First, the terms involved in one or more embodiments of the present disclosure are explained below.
Blockchain refers to a new decentralized distributed data system, and a database with data “hashing verification” function. Block is a data block. Data blocks are combined into a chain structure according to a time sequence, and reliability of a database is collectively maintained in a distributed accounting manner by using a cryptography algorithm. All data blocks are connected in a time sequence, thereby forming a blockchain, which combines various technologies such as a consensus mechanism, an encryption algorithm, and point-to-point transmission.
Poseidon Hash refers to a new Hash function applied to a zero-knowledge proof system. Compared with Pedersen Hash, the constraint complexity of the zero-knowledge proof system using Poseidon can be reduced by 8 times.
Zero-knowledge proof means that a prover can convince a verifier that an assertion is correct without providing any useful information to the verifier.
File coin is a distributed storage solution initiated by Protocol Labs, and a blockchain implementation of the IPFS interstellar file system.
Instruction is a bridge between software and hardware. The design of the instruction determines the design complexity and performance of software and hardware.
Dedicated instruction is an instruction of a dedicated processor designed for a specific application field, and can accelerate an algorithm in the specific application field. The dedicated instruction in the embodiment of the present disclosure is specially designed for a Poseidon Hash algorithm.

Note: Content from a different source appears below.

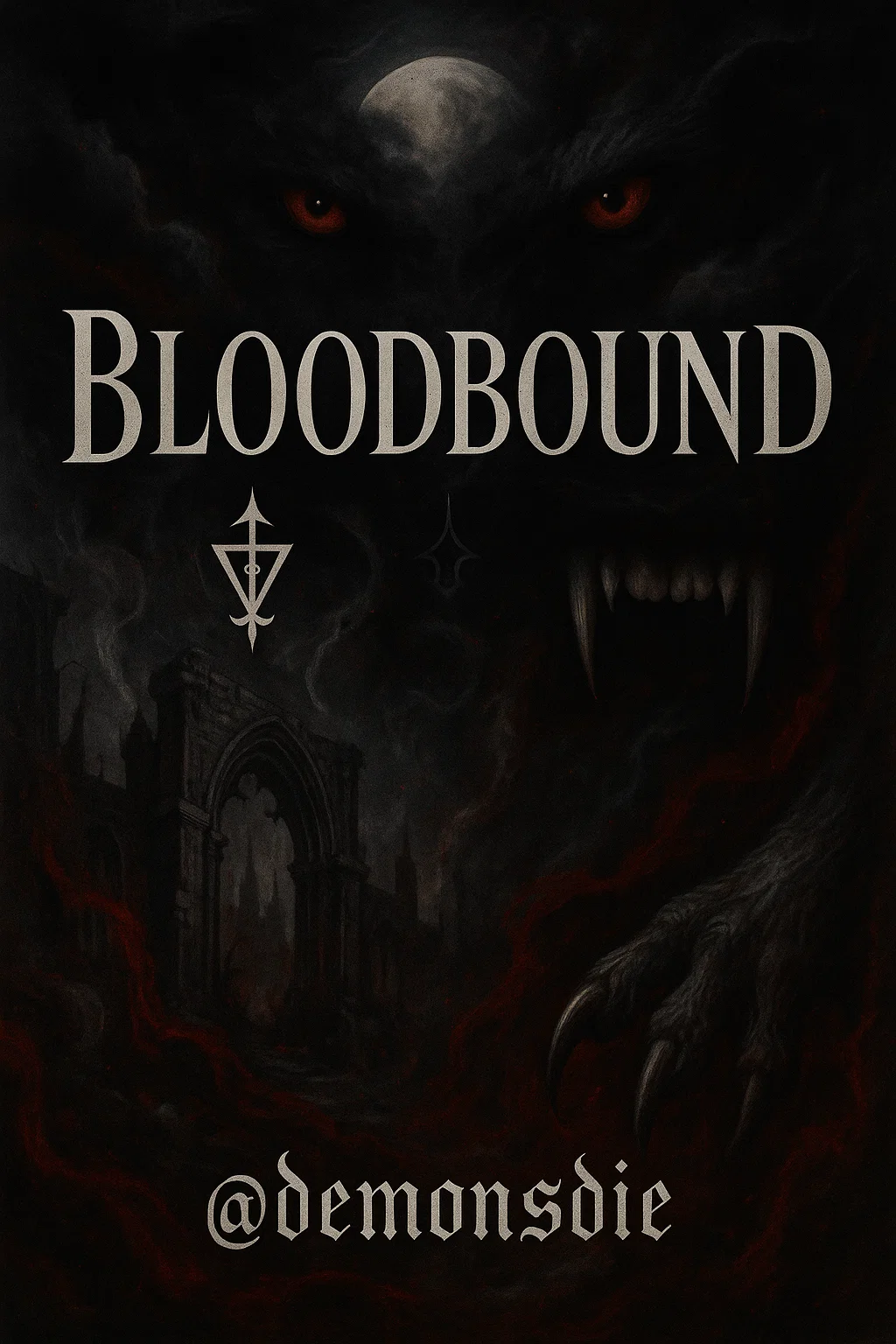 BLOODBOUND: Legacy of the Hybrid (RPG-STORY)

Montgomery modular multiplication and addition instruction is an instruction specially designed for the Poseidon Hash algorithm, and simultaneously completes multiplication and addition operations of a Montgomery domain.
As the latest hash function, Poseidon Hash is widely used in the fields of blockchain and privacy protection. For example, the IPFS/Filecoin blockchain and Loopring projects use Poseidon Hash as a core hash function to improve security thereof. A core calculation in the Poseidon Hash is a matrix multiplication operation. How to improve the execution efficiency of matrix multiplication is the main problem, and how to use a pipelined modular multiplication operational unit and related instructions is the key to improving performance. Therefore, embodiments of the present disclosure provide a high-performance matrix modular multiplication algorithm based on Montgomery modular multiplication and addition, which effectively uses the advantages of batch processing of dedicated instructions, and greatly improves the operating efficiency of the matrix multiplication operational unit.
In the present disclosure, a data processing method is provided, and the present disclosure further relates to a data processing apparatus, a computing device, and a computer-readable storage medium, which will be described in detail one by one in the following embodiments.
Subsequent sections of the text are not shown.